You are viewing a plain text version of this content. The canonical link for it is here.
Posted to user@flink.apache.org by 杨光 <la...@gmail.com> on 2019/03/04 07:38:22 UTC
flink sql about nested json
Hi,
i am trying the flink sql api to read json formate data from kafka topic.

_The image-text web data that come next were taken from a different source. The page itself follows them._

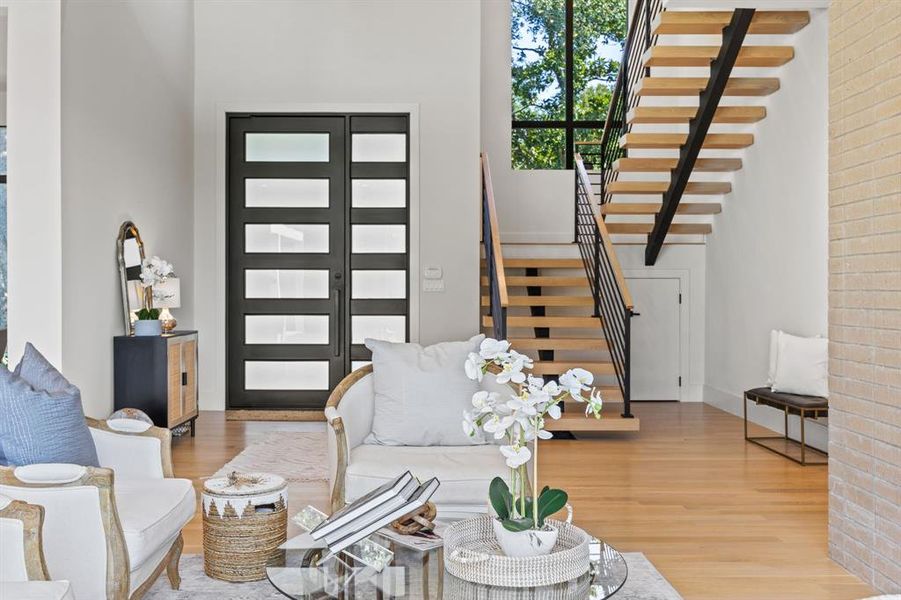 Furnished interior view inside a new home in , Dallas (Image 27). Furnished interior view inside a new home in , Dallas (Image 27).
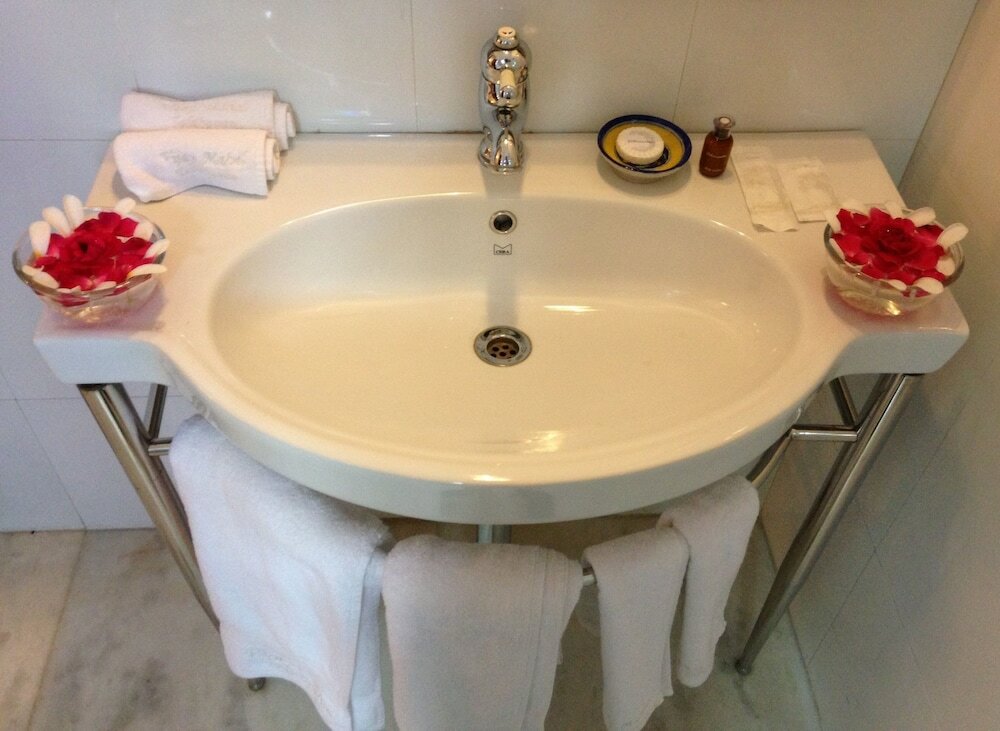 Фото Talabgaon Castle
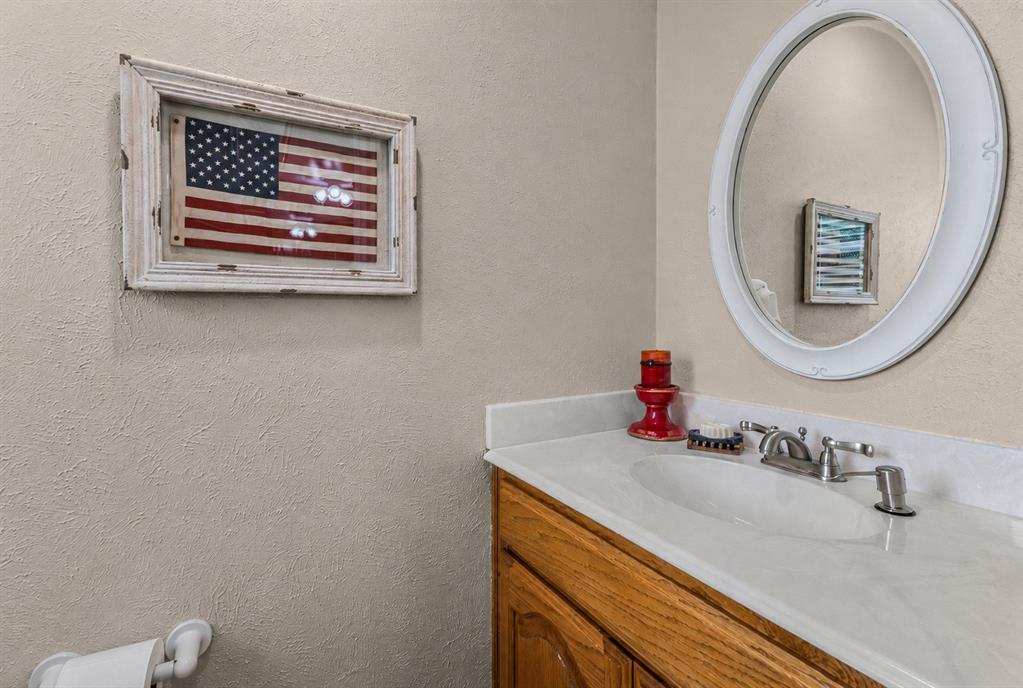 339 Colwell Road Forestburg, TX 76239 - Photo 11 of 31 Bathroom of 339 Colwell Rd in Forestburg, TX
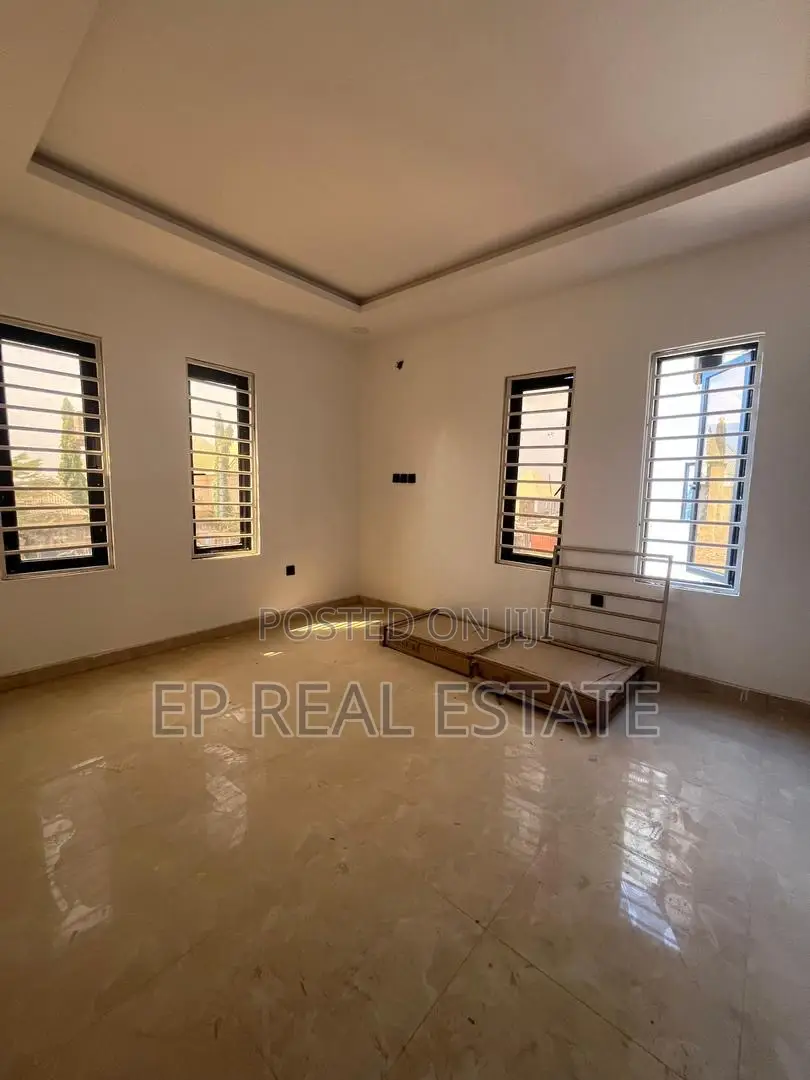 4bdrm Apartment in Gwarinpa for sale in Gwarinpa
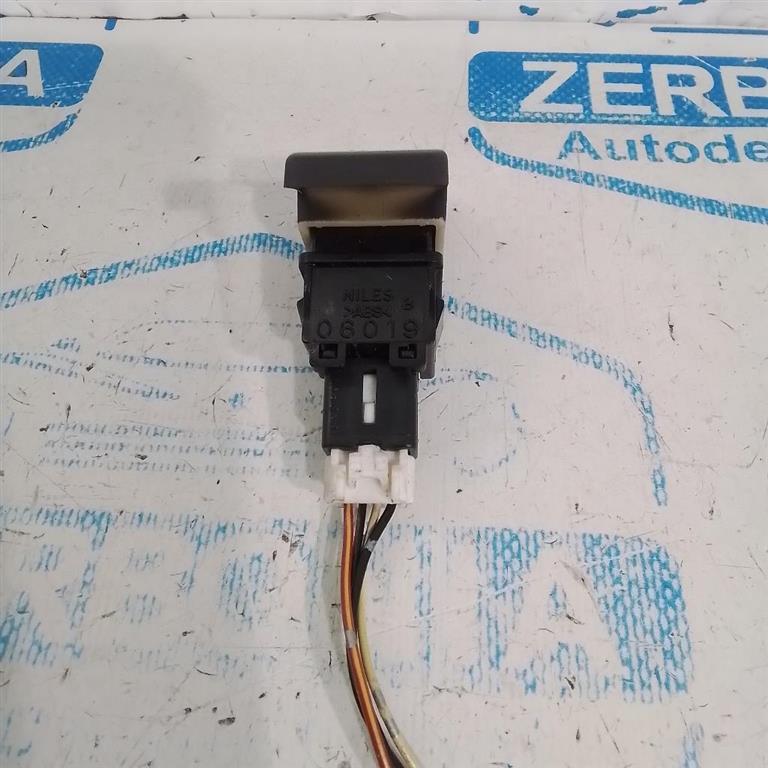 INTERRUTTORE LUCI EMERGENZA USATO SUZUKI SWIFT «IV» (2005) - immagine 8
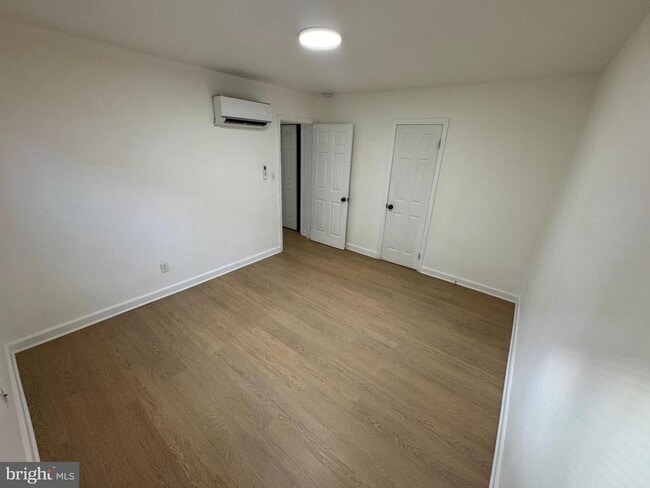 Building Photo - 1635 6th St NW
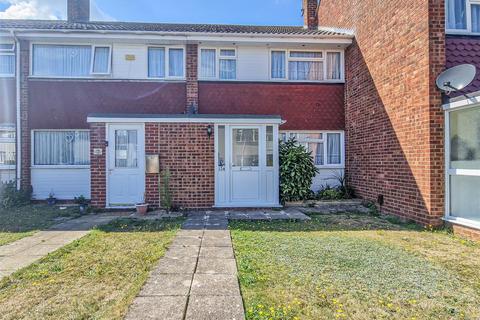 3 bedroom terraced house for sale, Sandpiper Close, Shoeburyness SS3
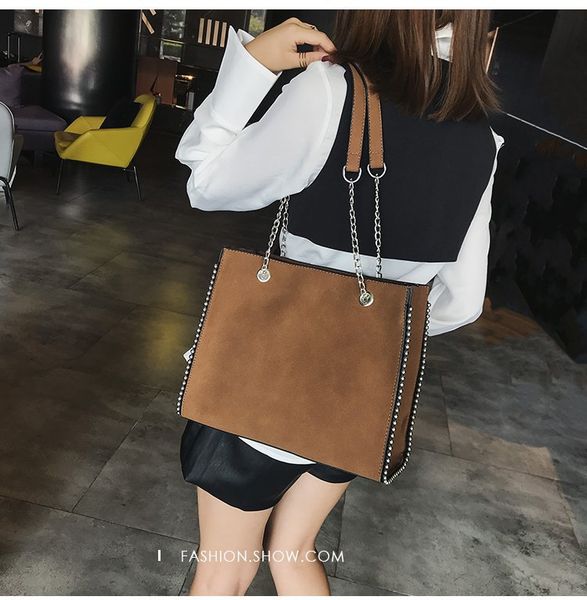 bag women's 2020 new slant-slung women's bag fashion chain rivet polished single shoulder portable
bag women's 2020 new slant-slung women's bag fashion chain rivet polished single shoulder portable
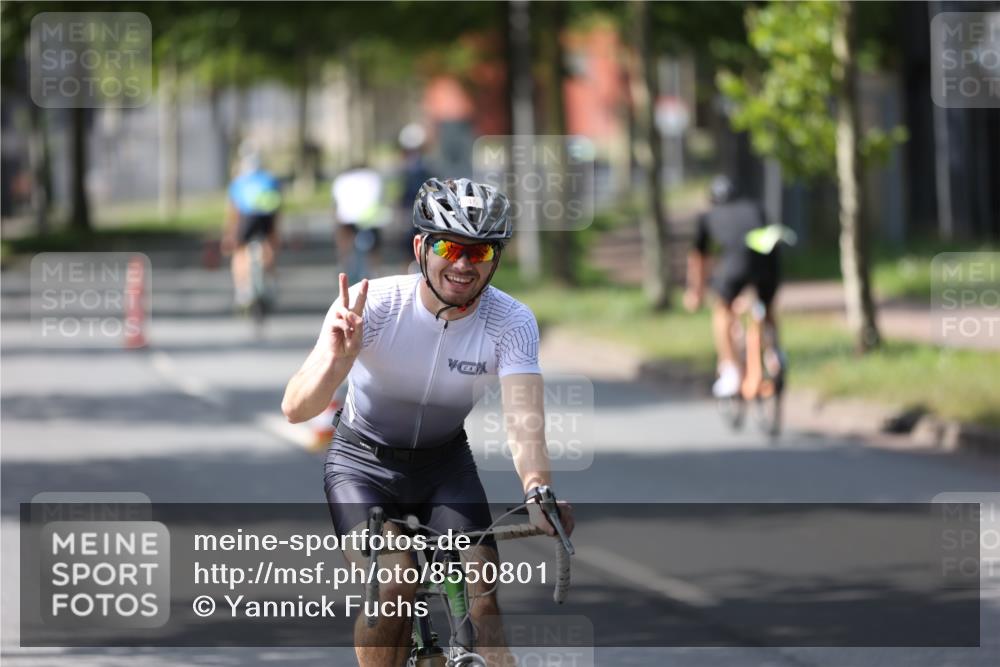 10.08.2025 - GEWOBA Citytriathlon Bremen Yannick Fuchs http://msf.ph/oto/8550801 10.08.2025 14:15:23 Radfahren 15, 45, 54, 55, 76, 88, 97, 108, 123 meine-sportfotos.de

My json schema is a nested json like this
{
"type": "object",
"properties": {
"table": {
"type": "string"
},
"str2": {
"type": "string"
},
"obj1": {
"type": "object",
"properties": {
"rkey": {
"type": "string"
},
"val": {
"type": "string"
},
"lastTime": {
"type": "number"
}
},
"required": ["lastTime", "rkey", "val"]
},
"obj2": {
"type": "object",
"properties": {
"val": {
"type": "string"
},
"lastTime": {
"type": "number"
}
},
"required": ["lastTime", "val"]
}
},
"required": ["table", "str2", "obj1", "obj2"]
}
i define a table sechema like this.
Schema schemaDesc1 = new Schema()
.......
.field("tablestr", Types.STRING).from("table")
.......
.field("rkey", Types.STRING).from("rkey");
when i run a debug case ,i got error about the "rkey" field (the file in
the nest obj1)
" SQL validation failed. Table field 'rkey' was resolved to TableSource
return type field 'rkey', but field 'rkey' was not found in the return type
Row".
My question is :does the org.apache.flink.table.descriptors.Json format
support nested json schema? If does ,how can i set the right format or
schema ? If not ,then how can i apply flink sql api on nested json data
source.
Re: flink sql about nested json
Posted by 杨光 <la...@gmail.com>.
HI Timo
I have get the nested value by change the Schema definition like this
Schema schemaDesc1 = new Schema()
.field("str2", Types.STRING)
.field("tablestr", Types.STRING).from("table")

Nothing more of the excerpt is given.